Com a chegada de Sócrates e Passos Coelho renasceu a esperança de que uma geração mais nova no poder cumprisse o Portugal prometido. Ora, hoje, o país já interiorizou o legado politicamente criminoso da última liderança socialista. E começa a duvidar que Passo Coelho tenha capacidade, força e vontade para vergar a influência acumulada dos culpados pelos erros dos últimos 25 anos. Como se esta realidade não bastasse, os portugueses estão ainda a ser bombardeados com debates protagonizados por alguns dos maiores responsáveis pelo estado a que o país chegou.

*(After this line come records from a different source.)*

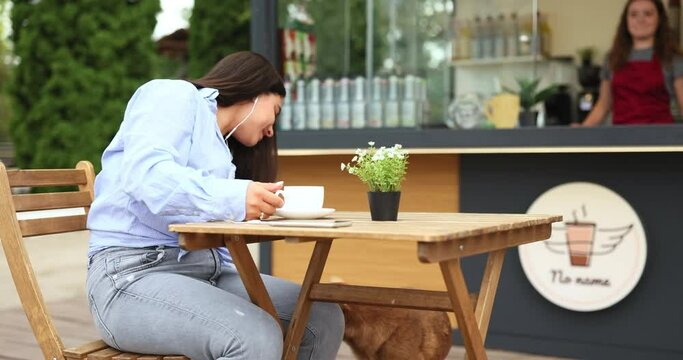 A nice woman is serving her morning coffee in front of the cafe in the street, a dog comes to her and grooms it.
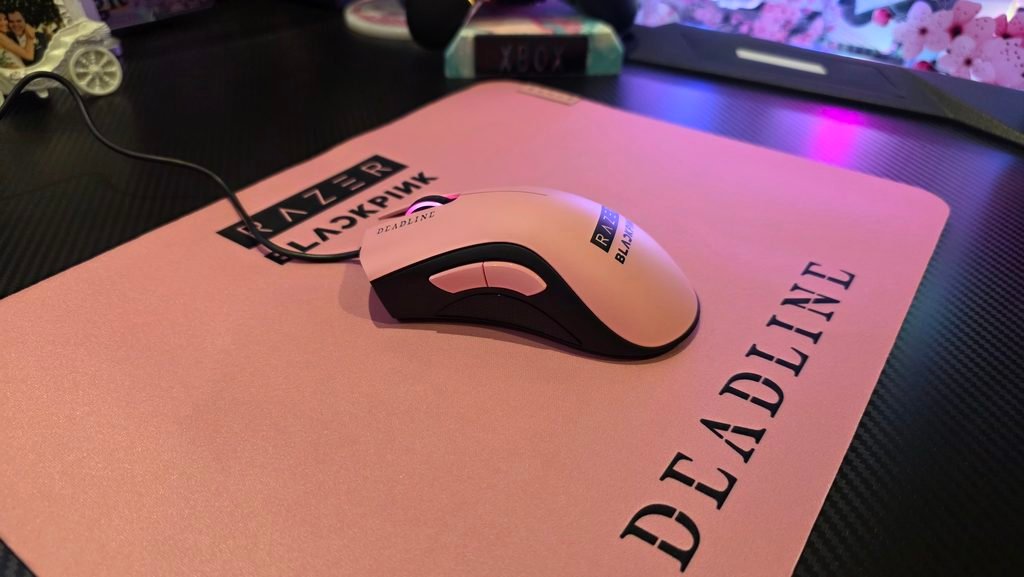 Side shot of the mouse turned on with its pink glow, and sitting on the Razer BLACKPINK mousemat.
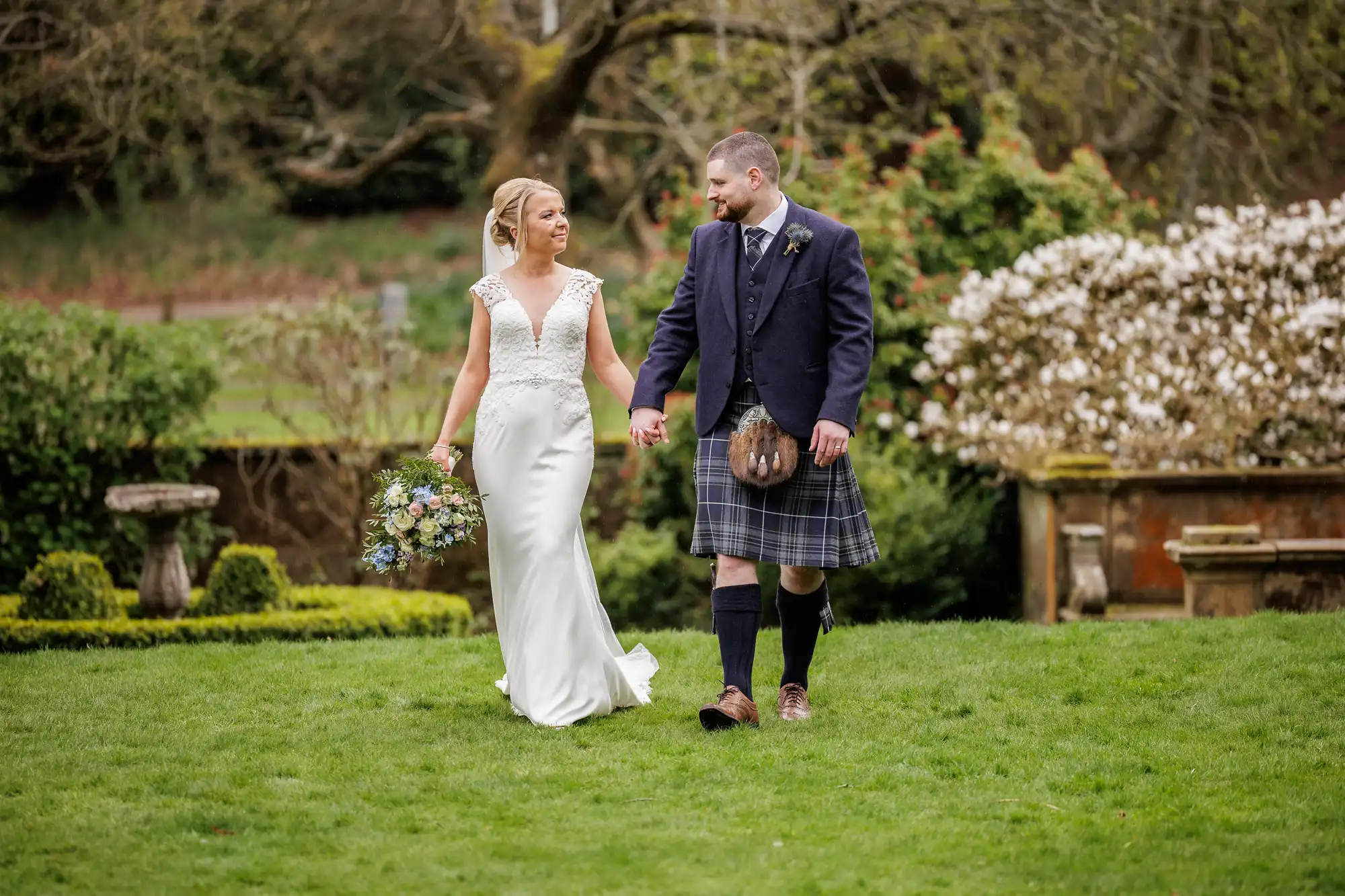A bride in a white gown and a groom in a navy jacket and tartan kilt walk hand-in-hand on green grass in a garden, surrounded by flowering bushes and trees, gazing happily at each other. The bride holds a bunch of flowers.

Vejamos alguns casos paradigmáticos: os críticos dos cortes nos direitos adquiridos calaram-se no passado para agora esbracejarem os princípios; os ex-governantes passeiam tachos multimilionários ao mesmo tempo que multiplicam dicas sobre como sair da crise que cavaram; aqueles que negaram o descontrolo dos serviços de informações culpam agora a maçonaria, omitindo o comprometimento dos governantes que nomearam as suas chefias; enquanto se cavalga a onda de acusações sobre determinadas lojas maçónicas, as ligações do lóbi de Macau à maçonaria, liberal e regular, escapam ao debate da actualidade; à manifestação de indignação com a entrada do capital angolano e líbio em Portugal sucedeu um pesado silêncio em relação à entrada do Estado chinês na EDP; por último, e a propósito da vozearia sobre a escolha de personalidades para a eléctrica portuguesa, em vez de se apontar ao cerne da questão, ou seja, saber quais as vantagens que os privados esperam obter depois de nomear gestores só da cor do governo, a polémica resvalou para a retórica parlamentar, ainda por cima liderada por socialistas que deveriam corar de vergonha de cada vez que abrem a boca sobre o nepotismo partidário.
Com mais ou menos manipulação, quanto mais se fala nos velhos tiques da República maior é a percepção da existência de uma democracia formal vulnerável a interesses particulares e a poderes não eleitos. Aliás, o pragmatismo tantas vezes invocado começa a ser olhado mais como um pretexto para salvar clientelas à custa dos dinheiros públicos do que para ajustar o país aos novos desafios.
Os debates que estão a dominar a agenda mediática podem estar inquinados, misturando conceitos e não servindo para um aprofundamento das responsabilidades, mas pelo menos estão a permitir ver com mais nitidez o reflexo do regime ao espelho. E, neste momento, a imagem revela desnorte em relação aos assuntos de Estado, novas trapalhadas nas contas públicas e renovadas suspeições sobre os negócios de Estado que têm como base um Ministério Público de rastos. E o que parece, não obstante a intervenção tardia do primeiro-ministro, é suficiente para minar a credibilidade do governo até junto daqueles que ainda continuam a acreditar que PSD/CDS-PP têm um encontro marcado com a mudança em Portugal.
De um momento para o outro, e após um início credível, novos erros e hesitações governamentais incompreensíveis justificam o regresso daquela estranha sensação de que o país não tem solução no actual quadro partidário e institucional.